I feed Honest Kitchen also, but the other varieties, not Preference. But, I also add an equal amount of raw meat to it (maybe you could add cooked meat?). Some of the other Honest Kitchen varieties have varying amounts of grain, veggies etc. Gradually I am adding meals that are more "real" raw however. I add "healthy powder" (google it, I think Pritcarin Healthy Powder). Not sure it is needed, but does contain bone meal.


----------



## Kat (Jul 12, 2011)

How much calcium does a small dog of 17 pounds need? 100-200mg a day? Because the biovites only has 30-55mg per scoop, and on the feeding guide it says to give dogs in that weight area 1 scoop daily, so wouldn't the supplement be 50-100mg less of calcium that is needed for her?


----------



## PDXdogmom (Jun 30, 2010)

Perhaps try changing from Honest Kitchen Preference to HK Thrive formula. The Thrive has no fruit and only two vegetables: sweet potato and spinach. It does have chicken, but works best, IMO, to add additional meat. Adding 1/2 tsp. powdered dry eggshell per 1/2 lb. of added meat may help balance all the additional phosphorus from adding meat.


----------



## Kat (Jul 12, 2011)

That would have been a good suggestion, except that she has an intolerance to chicken. Its not a crazy full out reaction, but when she eats chicken her ears get red and she gets itchy and her coat looks greasy.
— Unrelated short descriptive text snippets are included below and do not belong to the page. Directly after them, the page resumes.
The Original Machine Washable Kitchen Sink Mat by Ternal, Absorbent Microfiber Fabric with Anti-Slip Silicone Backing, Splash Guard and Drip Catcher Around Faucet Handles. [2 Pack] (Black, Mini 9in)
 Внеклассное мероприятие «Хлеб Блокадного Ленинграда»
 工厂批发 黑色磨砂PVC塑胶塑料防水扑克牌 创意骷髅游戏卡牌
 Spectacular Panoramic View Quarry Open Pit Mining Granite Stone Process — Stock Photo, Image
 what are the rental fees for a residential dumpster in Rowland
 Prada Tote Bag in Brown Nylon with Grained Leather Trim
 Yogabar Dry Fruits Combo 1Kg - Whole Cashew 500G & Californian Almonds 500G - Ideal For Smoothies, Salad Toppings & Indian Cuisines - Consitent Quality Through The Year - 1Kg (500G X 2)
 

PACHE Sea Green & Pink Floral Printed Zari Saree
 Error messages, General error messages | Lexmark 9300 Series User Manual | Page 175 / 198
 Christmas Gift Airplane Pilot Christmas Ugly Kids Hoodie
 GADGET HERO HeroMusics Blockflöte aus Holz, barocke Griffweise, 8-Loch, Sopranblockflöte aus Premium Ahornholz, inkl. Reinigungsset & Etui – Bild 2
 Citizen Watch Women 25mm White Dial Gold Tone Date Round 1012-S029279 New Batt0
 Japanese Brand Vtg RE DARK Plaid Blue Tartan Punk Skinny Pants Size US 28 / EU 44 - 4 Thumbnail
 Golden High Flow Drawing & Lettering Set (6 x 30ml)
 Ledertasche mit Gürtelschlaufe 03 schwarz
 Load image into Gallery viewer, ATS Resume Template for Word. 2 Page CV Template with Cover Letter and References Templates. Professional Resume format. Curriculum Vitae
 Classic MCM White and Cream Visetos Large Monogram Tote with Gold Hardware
So I have switched over to turkey instead, and soon i will be introducing different types of fish.


----------



## Belles Mom (Jun 24, 2011)

Kat said:


> That would have been a good suggestion, except that she has an intolerance to chicken. Its not a crazy full out reaction, but when she eats chicken her ears get red and she gets itchy and her coat looks greasy. So I have switched over to turkey instead, and soon i will be introducing different types of fish.


Honest Kitchen has come out with a fish version. terribly expensive, but with a small dog affordable, especially if you add additional fish.


----------